··· Dataset section ···

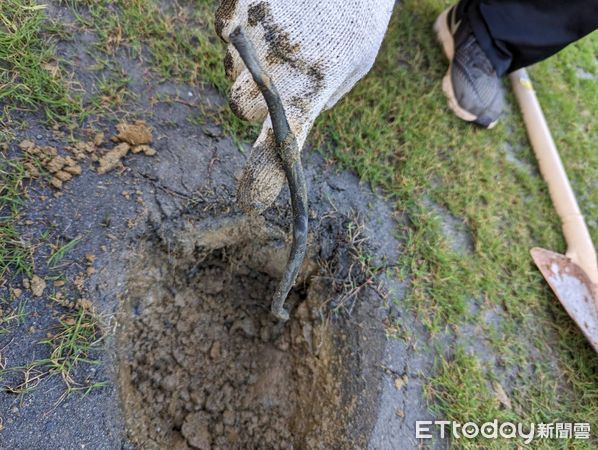 ▲新竹棒球場外野草皮挖出磚頭石頭廢電纜。（圖／新竹市府提供）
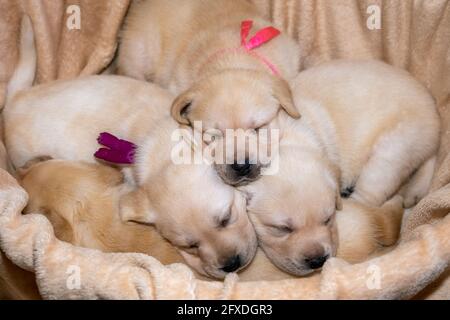 Les chiots du Labrador dorment Banque D'Images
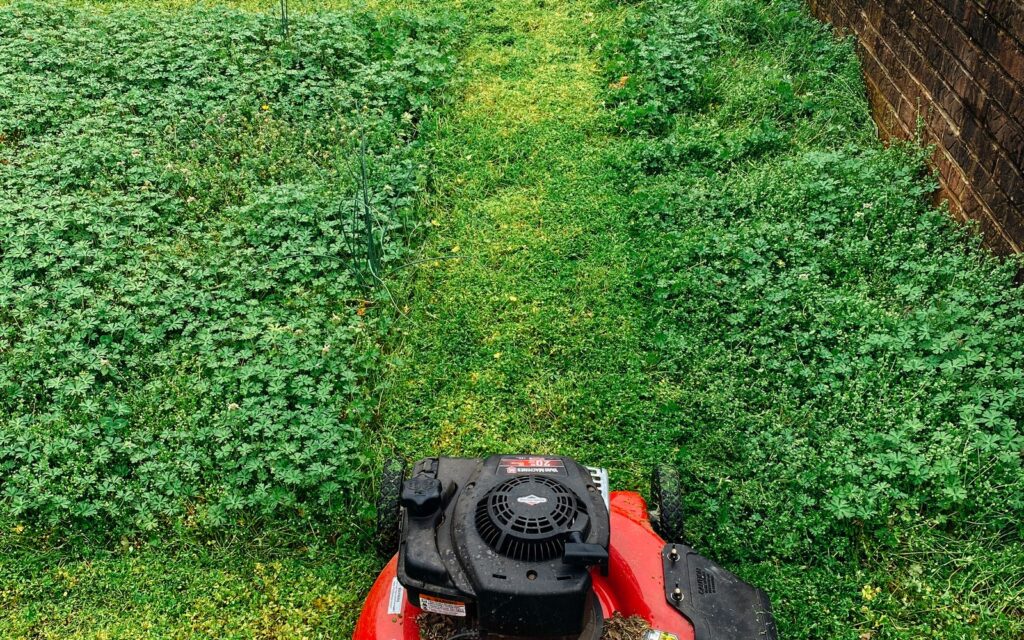 Lawn mower cutting a green lawn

···

• Exercise instructions: With pictures omitted, reproduce exactly the lines from the line containing "Les chiots du" through the end of the data above.

• Result for this task:
 Les chiots du Labrador dorment Banque D'Images
 Lawn mower cutting a green lawn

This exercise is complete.